Perumus
Kebijakan Bukan Malaikat
Bambang Soesatyo ; Anggota Komisi
III DPR RI
dan Presidium
Nasional KAHMI 2012-2017
|
KORAN
SINDO, 21 Maret 2014
Wakil
Presiden Boediono mengaku tidak terpikir bahwa kebijakan bailout Century itu
kini dipersoalkan. Apalagi sampai dibawa ke ranah hukum.
”Saya tidak berpikir sampai sejauh itu. Saya
bersama teman-teman hanya merasakan harus mengambil keputusan cepat dan tepat
menangani Bank Century dalam situasi krisis waktu itu,” kata
Boediono dalam acara ”Mata Najwa”
di Metro TV, Rabu (19/3/2014).

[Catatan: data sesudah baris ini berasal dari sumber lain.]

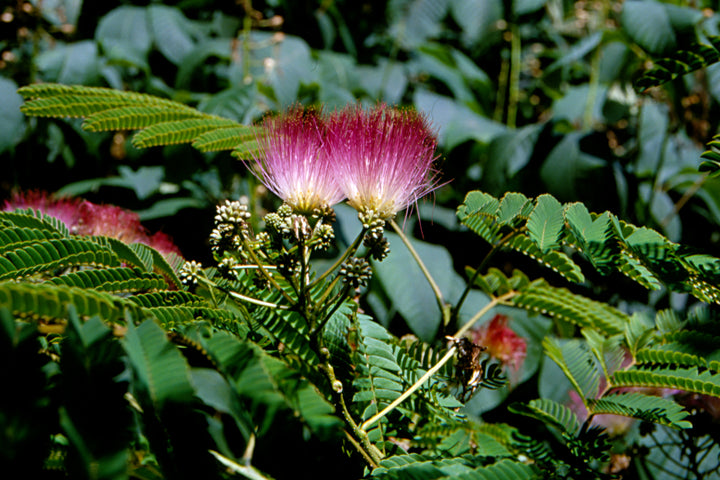 Heirloom Non-GMO Albizia Julibrissin Flower Seeds for Planting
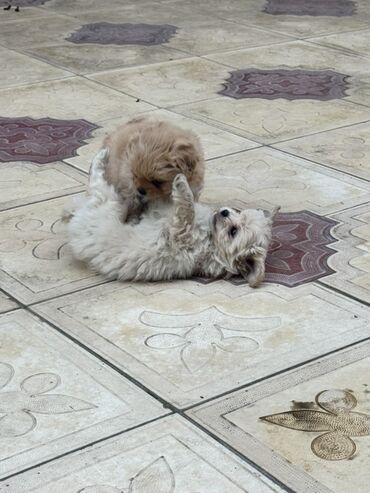 İtlər: Pekines, 3 ay, Dişi, Peyvəndli — 3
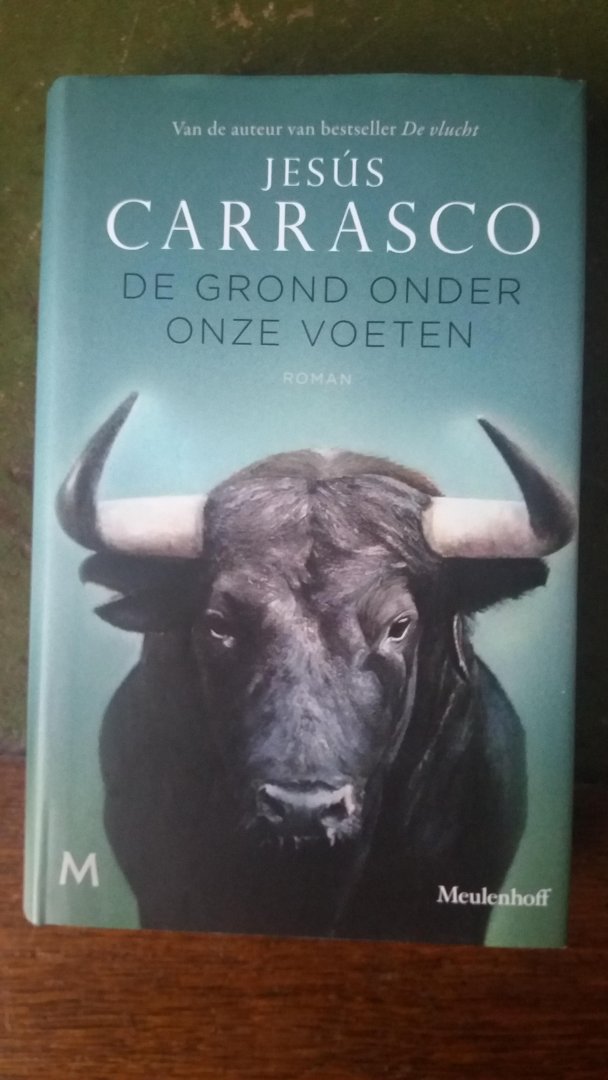 Carrasco, Jesús - De grond onder onze voeten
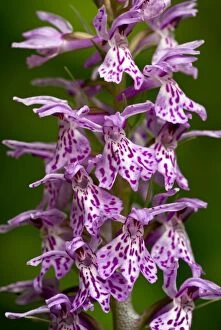 Images Dated 6th June 2011: Common Spotted Orchid - flower spike close-up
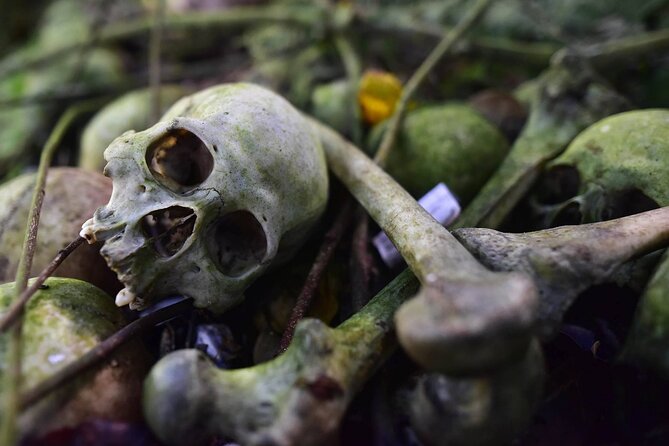 Private Tour to Trunyan Village "Skull Island of Bali" - Trunyan-to-Lunch Transition: Why the Kintamani Break Helps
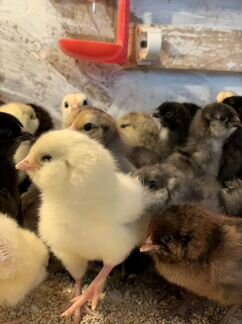 Инкубационное яйцо Амераукана и Билефельдер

Boediono mengatakan, kasus tersebut terjadi
saat ia baru menjabat beberapa waktu sebagai gubernur BI. Ia menceritakan
telah 30 tahun menggeluti masalah ekonomi sejak 1980-an. ”Jadi, saya merasakan krisis itu bagaimana,” kata Boediono,
meyakinkan.
Masyarakat yang tidak mengetahui fakta kejadian dan bukti material
dalam skandal Bank Century itu pasti akan terkecoh karena dalam acara yang
dikemas secara luar biasa itu menggambarkan bahwa Boediono korban politik.
Tanpa mengungkap atau mempertanyakan alasan atau latar belakang mengapa
Boediono dan jajaran BI ”mengutak-atik” aturan serta melakukan rekayasa agar
kebijakan yang diambilnya itu seolah-olah sudah sesuai aturan dan perundang-
undangan yang berlaku.
Lalu,
mengapa baru sekarang dia menuding Lembaga Penjamin Simpanan (LPS) yang harus
bertanggung jawab? Saya tidak ingin berprasangka buruk bahwa penampilan
Boediono yang tiba-tiba itu untuk memengaruhi pengadilan yang sedang
berlangsung. Sepertinya paralel dengan pernyataan Presiden Susilo Bambang
Yudhoyono (SBY) baru-baru ini yang menegaskan bahwa Wakil Presiden
Boediono—dalam kapasitasnya sebagai gubernur Bank Indonesia (BI)—tak bisa
diadili atas langkahnya memberi dana talangan kepada Bank Century.
Kebijakan, menurut Presiden, tidak bisa diadili karena akan sulit
memutuskan kebijakan untuk kepentingan pembangunan. Presiden keliru. Perumus
kebijakan dan regulator itu juga manusia, bukan malaikat. Maka itu, tidak
logis dan sangat berbahaya jika negara ini mengadopsi pandangan yang
menyebutkan kebijakan tidak bisa dipidana. Bukankah niat jahat bisa dibungkus
dalam sebuah manuver yang disebut ”kebijakan”? Pandangan yang sama kemudian
dimasukkan dalam eksepsi terdakwa kasus Bank Century Budi Mulya.
Dalam
eksepsi Budi Mulya menegaskan bahwa pejabat BI tidak dapat dihukum karena telah
mengambil keputusan atau kebijakan yang sejalan dengan tugas dan wewenangnya.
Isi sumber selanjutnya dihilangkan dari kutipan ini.